As tormentas de nossa vida

Padre Nicolás Schwizer

 
 

Há na Palestina dois lagos. Um, o Morto, em permanente calma. Não há nele ondas nem tempestades. O outro o da Galileia, cobra todos os anos várias vidas humanas: a tempestade surge tremenda e inesperada, os ventos lhe sacodem, suas ondas chegam a alcançar vários metros. Mas os pescadores escolhem este segundo lago. Porque no Mar Morto não se encontra jamais uma barca, já que nele não há rastro de vida. No lago da Galileia o risco é compensado com a abundância da pesca.

Jesus também escolheu para seus apóstolos o lago do risco e da vida. Porque vida plena e fecunda inclui risco, cruz e fracasso. Por isso lhes anuncia sem rodeios: lutarão, sofrerão, serão açoitados, morrerão violentamente. Serão odiados por seu nome e lhes perseguirão de cidade em cidade.

A barca é um antigo símbolo da igreja. E esta barca passou, ao largo dos séculos, por muitas tormentas que alternaram com tempos de calma e tranquilidade. E sabemos que estas tormentas não vão acabar até o final dos tempos.

Algo semelhante pode se dizer também dos povos, famílias, pessoas, de cada um de nós. A barca de nossa vida atravessa muitas tormentas. É inevitável. Pertence a existência humana. Pensemos, por ex: nas tormentas da:

• Vida familiar: problemas materiais, dificuldades no matrimônio, na educação dos filhos.

• Vida profissional: falta de trabalho, dispensas, injustiças.
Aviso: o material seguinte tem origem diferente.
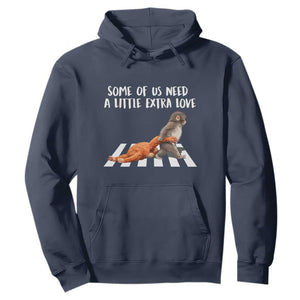 Punch Mokey Meme Hoodie Some Of Us Need a Little Extra Love TS14 Navy Print Your Wear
• Vida religiosa: crises e dúvidas de fé, desilusões com sacerdotes, afastamento da Igreja e de Deus.

• Vida pessoal: limitações físicas ou psíquicas, enfermidades, tentações, inimizades, golpes do destino como a morte de um ser querido.

Nestas tormentas da vida, os cristãos devem distinguir dos demais. Sabemos que não estamos sozinhos em nossa barca de vida. Sabemos que Jesus nos acompanha ainda quando pareça não preocupar-se por nós. A fé nos diz que Ele vela por nós. Porque Ele está comprometido, está metido dentro de nossa barca.

Deus é fiel a seu compromisso. Mas Deus pode estar como esteve na barca de Pedro, isto é, dormido (Mt 8, 23ss). Pedro tratou de lutar sozinho contra a tempestade. E quando esteve no auge da angústia lembrou-se que estava o Senhor e o despertou. Conosco acontece o mesmo: esquecemos-nos que Ele está, deixamos que permaneça dormido. Queremos lutar sozinhos e apenas quando estamos muito desesperados lembramo-nos do passageiro que é o mais importante.

Deus é um Deus da vida. Está presente permanentemente em nossa vida. E principalmente está presente quando mais o necessitamos: no meio das tormentas. Só que nestes momentos é mais difícil crer em sua presença, tal como aconteceu com os apóstolos no meio do lago.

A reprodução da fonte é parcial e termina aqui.